Morgan found it, outside the cage next to the tower structure, and pulled it. The steel cable tensed audibly. “Done.”
“All right. Now, get inside the cage. There’s another lever there, should be at ground level, along the edge.”
Morgan moved inside the cage. He saw the policemen rounding the corner carefully, guns drawn. He closed the door to the cage.
“Drop your weapon, and get on the ground!” one yelled.
“I need to get moving, Shepard!”
“You just have to pull the lever. Remember to keep hands and feet inside the vehicle at all times, and hold on to your—”
Morgan didn’t hear the rest. The elevator jerked so violently that the upward force kept Morgan pinned to the floor. Mere seconds went by until the counterweight hit the ground with a deafening
clang
that reverberated upwards along the structure of the hoist, shaking it so violently that Morgan barely noticed for a second or two that he felt no gravity. The cage stopped abruptly at the top of the tower. Morgan’s back collided painfully with the ceiling of the cage, and then he hit the floor again as the emergency brakes kicked in.
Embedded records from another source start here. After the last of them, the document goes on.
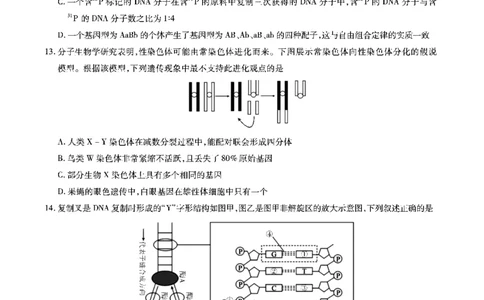 生物安徽省江淮十校2026届高三第二次考试（11月份期中质量检测）_251115安徽省江淮十校2026届高三第二次考试（11月份期中质量检测）（全科）
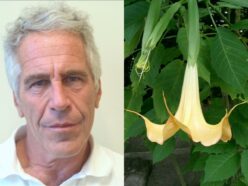 エプスタインは「人をゾンビ化させる毒草」を栽培していた!? 自由意志を奪う禁断の植物と機密ファイルが暴いた薬物支配の闇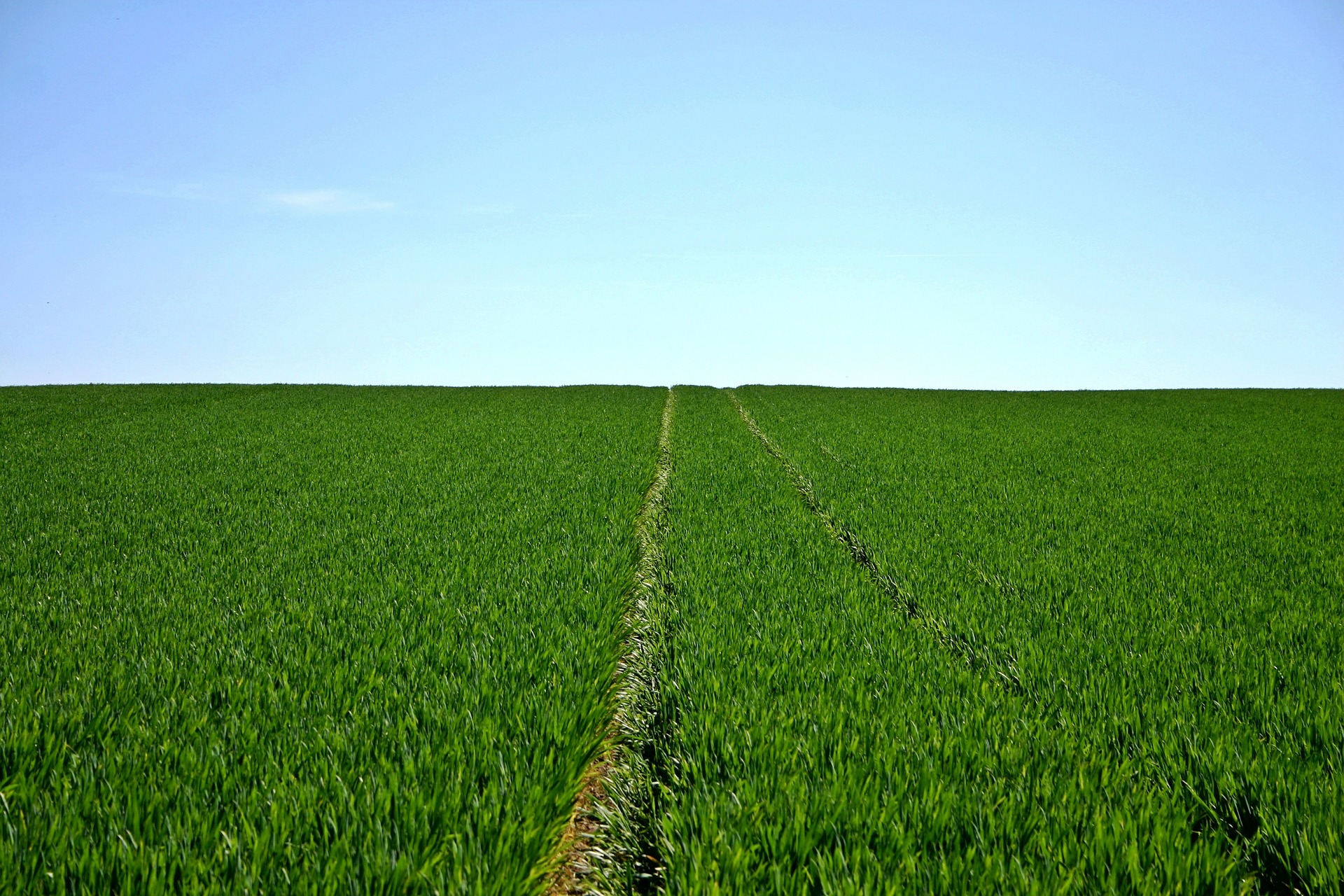 Colombia destina recursos para la producción agropecuaria y ambientalmente sostenible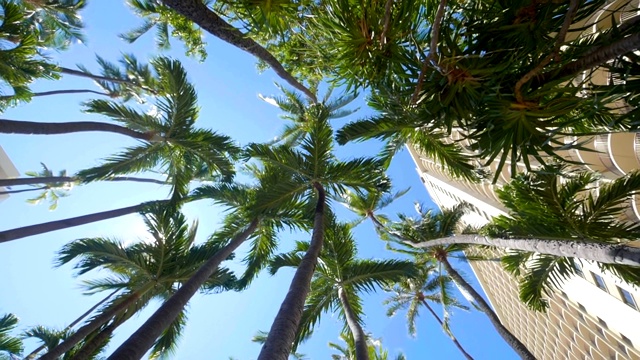 在棕榈树下旋转，慢镜头180fps视频素材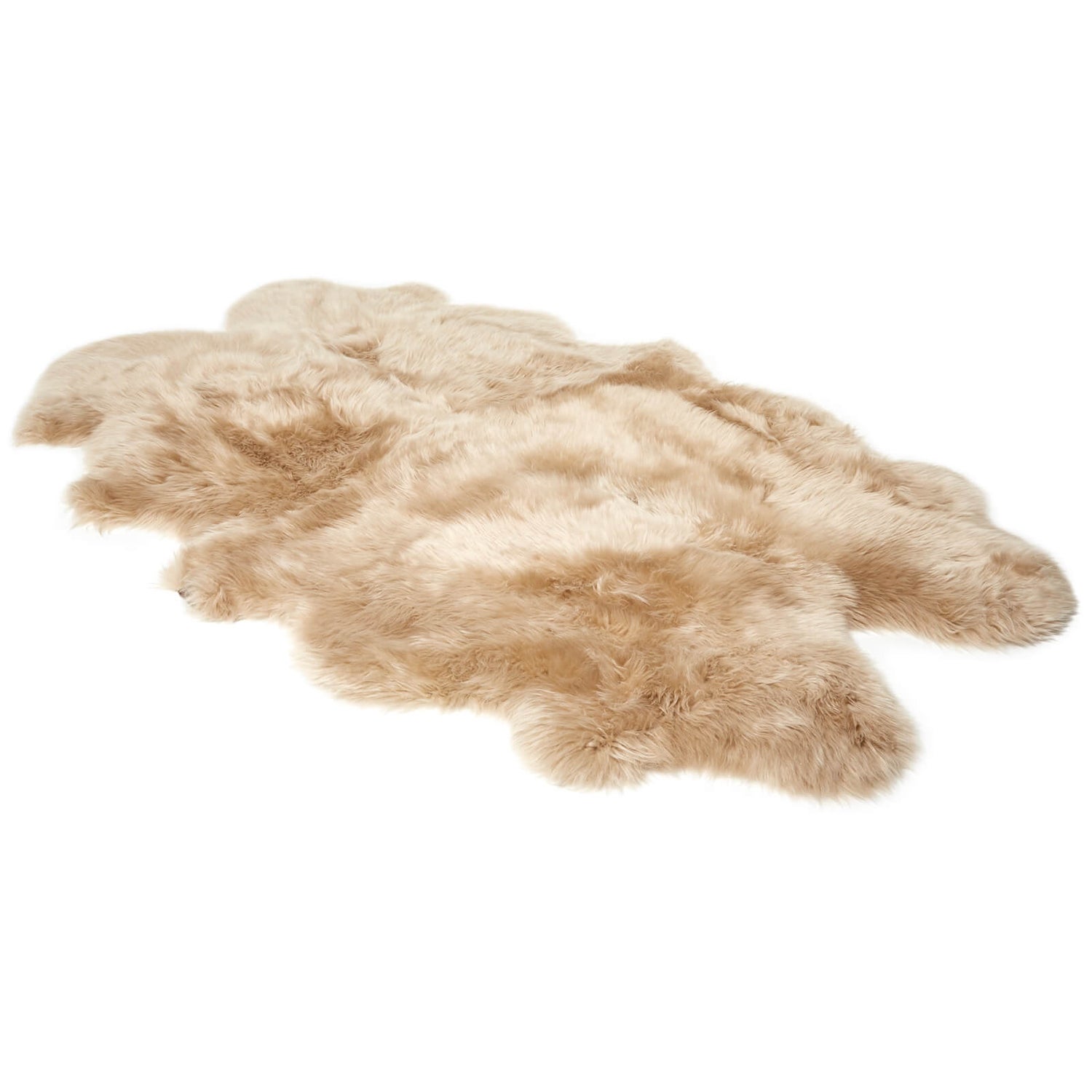 Ugg shop area rug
“—organ, Morgan, come in. Are you okay?”
There was no time to answer. He pulled open the doors to the cage. The brakes had arrested its ascent some ten feet above the highest floor.
Well, no time to think about how much this is going to hurt.
He pushed off the edge, and there was no ground beneath his feet.
He rolled as he fell on hard concrete. He immediately ran for cover behind a pillar. He heard a buzz as the sniper’s bullets flew past him, and two hit the concrete pillar, making dull
thwips
. He looked at his watch. Its face had shattered in the elevator, and his wrist was red and swollen, although he couldn’t feel any pain. He checked his pocket for the detonator. It seemed to be in one piece. He felt his other pocket for his knife. It might save his life again that day.
“Shepard, I need that sniper taken out
now
!” Two more shots whizzed by. “How much time do I have?”
“Just over two and a half minutes! Stay put, they’re almost at his room!”
Morgan counted the seconds off in his head, and they were the longest of his life. He looked at the ledge, and saw the crane that was hanging off the building. Jenny was there. She needed him.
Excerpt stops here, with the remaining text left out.